Activity:
For the data that follows, print the line with "Once the cleaning", the line with "Then, make sure", and all lines between them, exactly as they stand. Omit pictures and add nothing.

+++ Data to examine

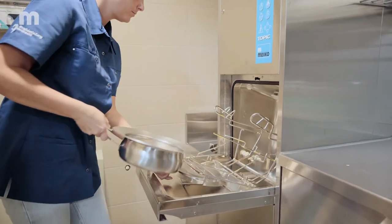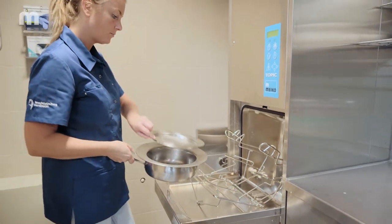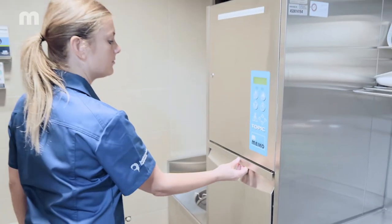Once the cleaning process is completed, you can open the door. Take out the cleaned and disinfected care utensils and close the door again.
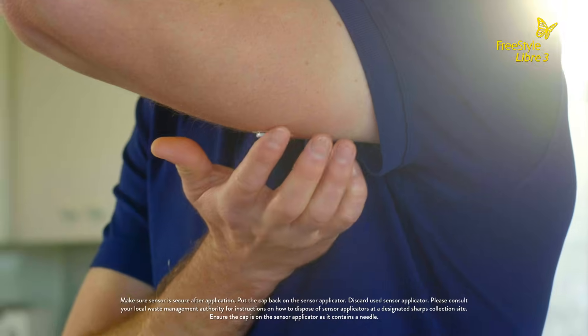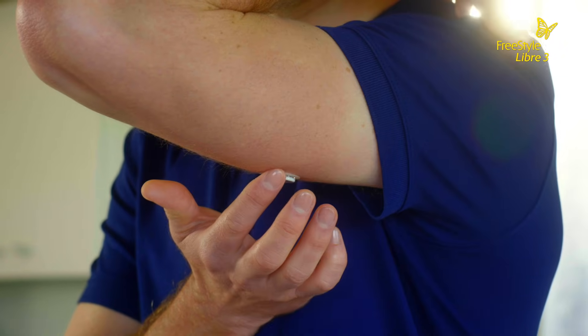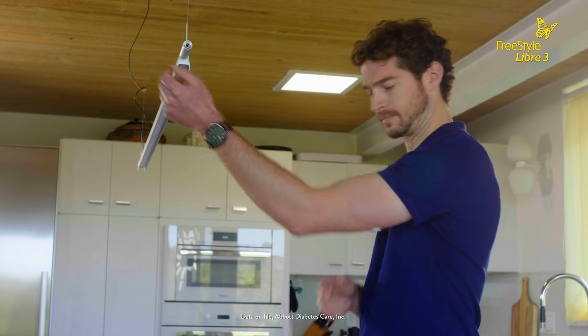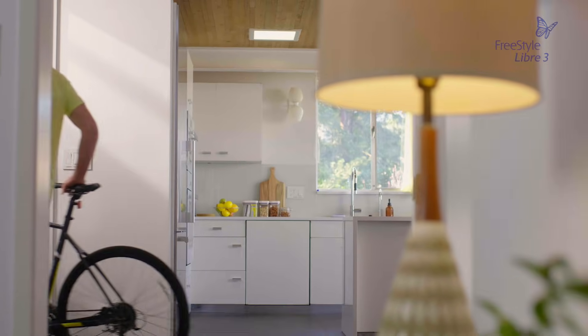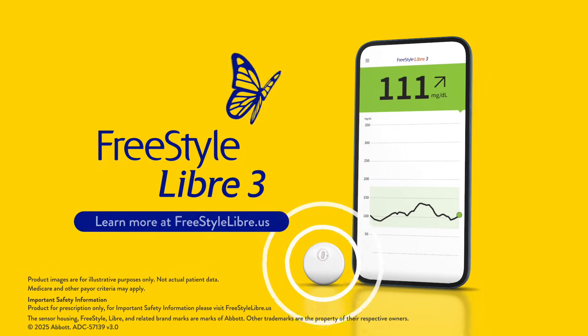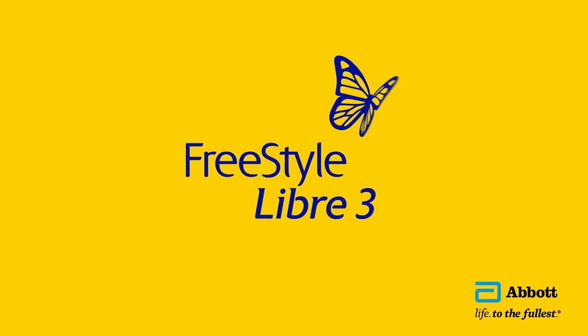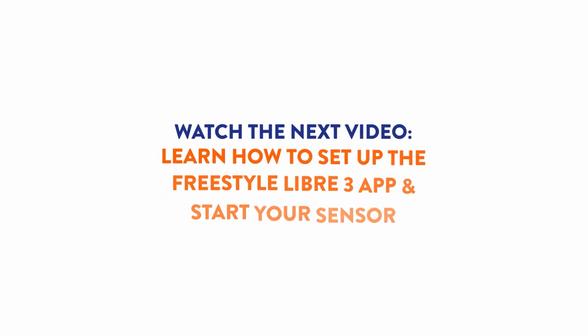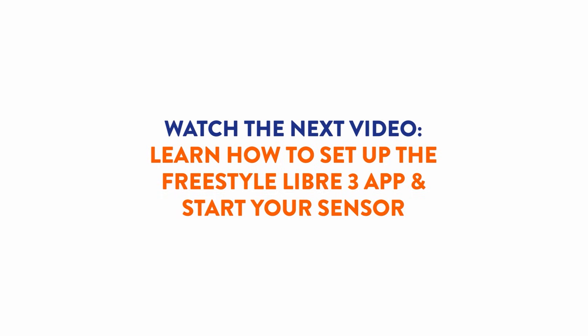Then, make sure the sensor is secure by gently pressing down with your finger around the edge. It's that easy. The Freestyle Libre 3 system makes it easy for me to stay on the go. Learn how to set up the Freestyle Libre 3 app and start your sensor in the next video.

++++++
+++ Data to examine

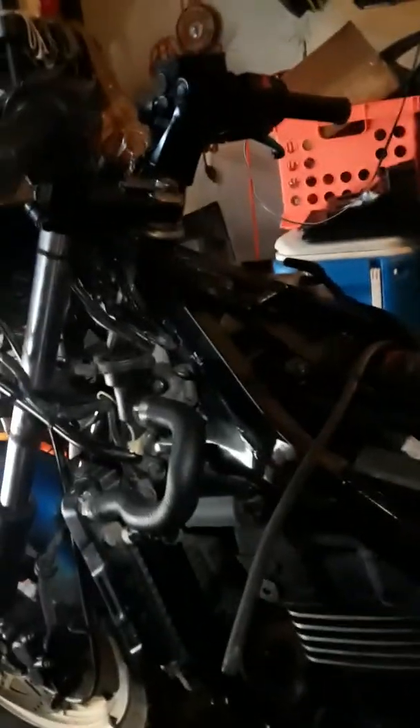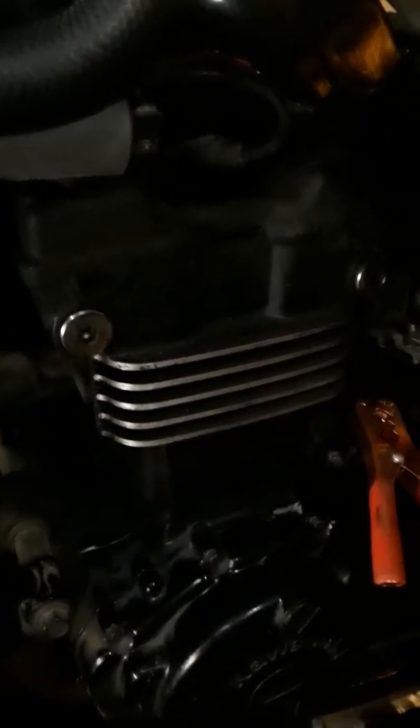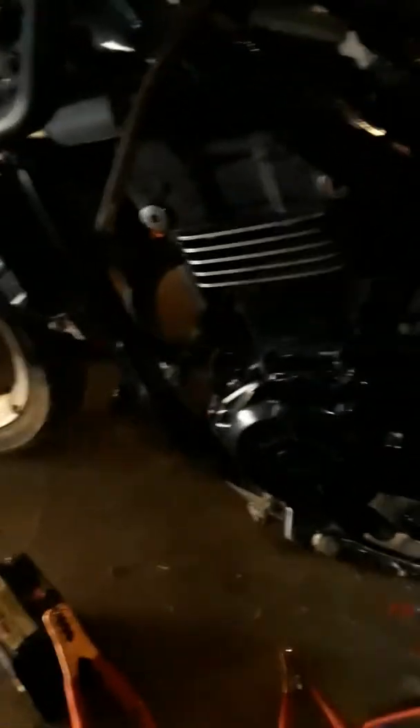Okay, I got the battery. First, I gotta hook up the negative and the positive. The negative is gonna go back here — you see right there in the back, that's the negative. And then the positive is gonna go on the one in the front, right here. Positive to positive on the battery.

++++++

Written solution:
Once the cleaning process is completed, you can open the door. Take out the cleaned and disinfected care utensils and close the door again.
Then, make sure the sensor is secure by gently pressing down with your finger around the edge. It's that easy. The Freestyle Libre 3 system makes it easy for me to stay on the go. Learn how to set up the Freestyle Libre 3 app and start your sensor in the next video.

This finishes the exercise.